I Like You, But We’re Not Friends

Thursday July 26, 2012

This is a story about Facebook.

It’s the wet summer of 2012, it’s the east end of Glasgow, and there’s a smallish corner cafe which is making quite a name for itself. The staff are friendly, the mood is chill and the venue itself has the important advantage of being the least stabby-looking place to get a beer in the area. I go there far too often and would be totally happy to hear when there’s an open mic night happening and when their meltingly- delicious slow-roast pork belly is back on the specials menu. 

In circumstances not unconnected with the slow-roast pork belly, I’ve also rejoined my favourite gym in the west end. Since it’s been a while, there are a lot of unfamiliar faces and it’s all go for the staff, with a major refit and a bunch of new classes being trialled over the last few weeks.

Facebook

These are businesses I enjoy interacting with, identify with and would happily promote to others. But I don’t follow either the gym or the cafe on Facebook, and I’m not going to. Both businesses have made an error that, for me, is a deal-breaker: they’ve set up a personal Facebook profile for their business.

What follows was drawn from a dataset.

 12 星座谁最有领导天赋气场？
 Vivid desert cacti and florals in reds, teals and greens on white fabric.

If your business page is set up as a personal profile right now, please understand that you are missing out on a ton of cool stuff that doesn’t require much time or any special skills to use. You could be pinning your best offers right at the top of your timeline so that new people who add you have a decent chance of seeing them. You could be accessing Facebook insights, happily prying into how people are interacting with your page and deciding when and what to post. If you want to disappear for a week or two, it’d be a doddle to add other members of staff as page admins and choose which level of permissions you give them. Dealing with friend requests would be a thing of the past, and you could have as many fans as you like without ever hitting a limit.

Facebook clearly doesn’t want people using personal profiles in this way; in fact, it’s a direct violation of their Ts &Cs. In reality, I don’t know how likely it is that Facebook would push the big red Delete button for this, but as well as being functionally rubbish, these pages are also on shaky ground.

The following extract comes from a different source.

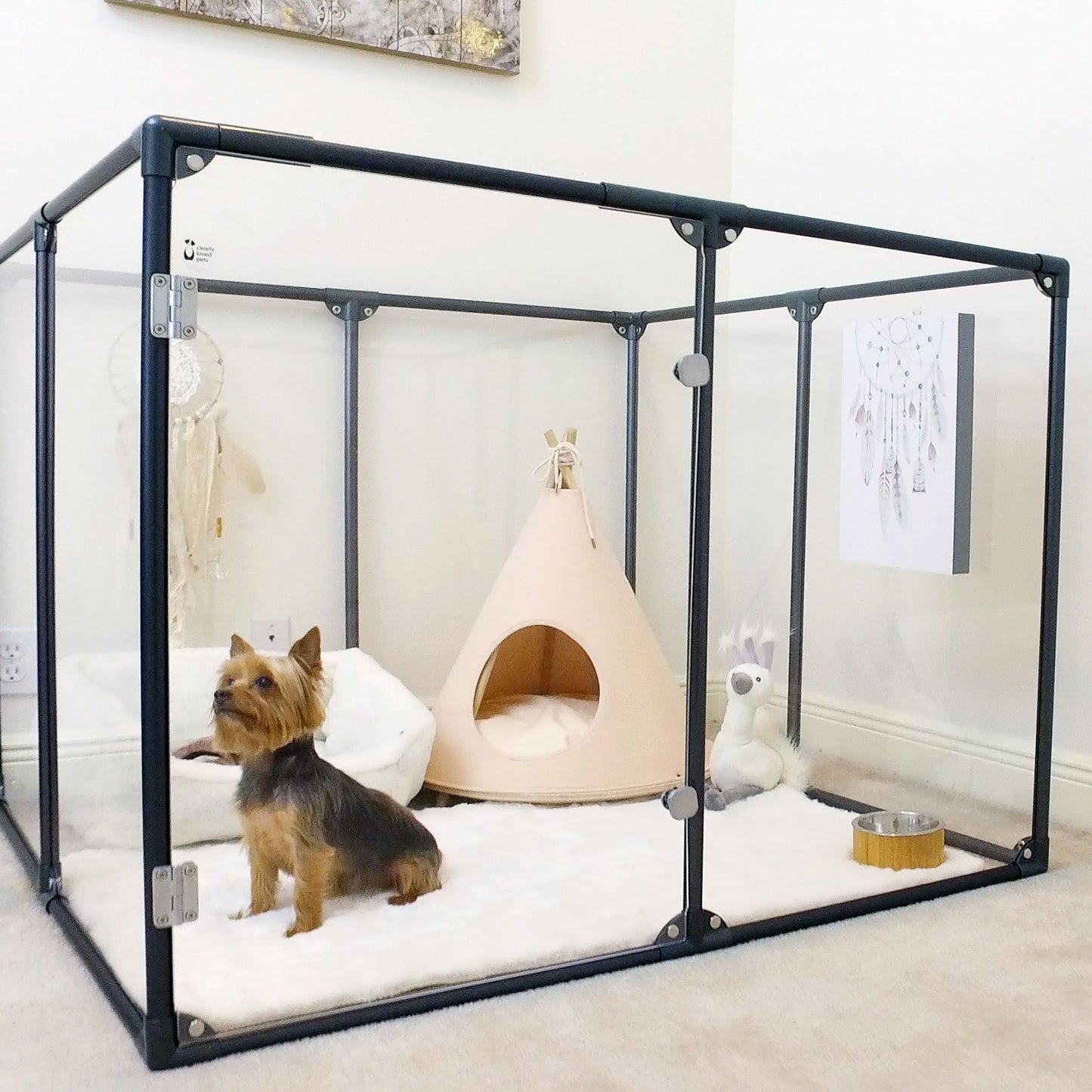 United States WAREHOUSE 7 DAYS to DOOR Metal and Glass Puppy Whelp Ing Box Large Aluminum Dog Elevated Whelp Ing Box with Fence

All this, of course, is none of my beeswax. From a purely self-interested point of view, this matters because I don’t want businesses on my friends list. Maybe this seems pedantic, but when you look a little closer there are some very sound reasons to be wary. As a ‘friend’, a business has access to all of your status updates and pictures. The owner can see who your friends are and can post directly on your wall if he feels like it. When you add a business as a friend, you don’t know who looks after the Facebook account or who else the account might be shared with. Perhaps you could set up a special subgroup of friends and assign those people limited permissions, but who really does that? We’re lazy, we have a bunch of cat videos to watch and anyway, why should all the effort be on our side when Facebook has made this so very easy for admins to fix?

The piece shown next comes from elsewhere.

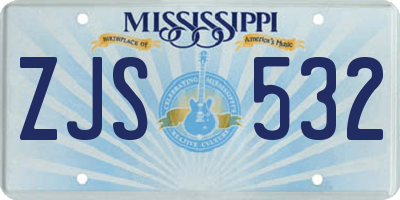 MS license plate ZJS532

As a specialist social media agency, we don’t recommend Facebook as a blanket solution for all businesses. It can work incredibly well or be totally inappropriate, and where it’s a good match, admins have to have the time and the content to keep it flowing. These small, local and mainstream businesses are one of the areas in which Facebook really has a chance to shine. But unless we’re on real-world friendly terms: please, let’s keep the relationship strictly business.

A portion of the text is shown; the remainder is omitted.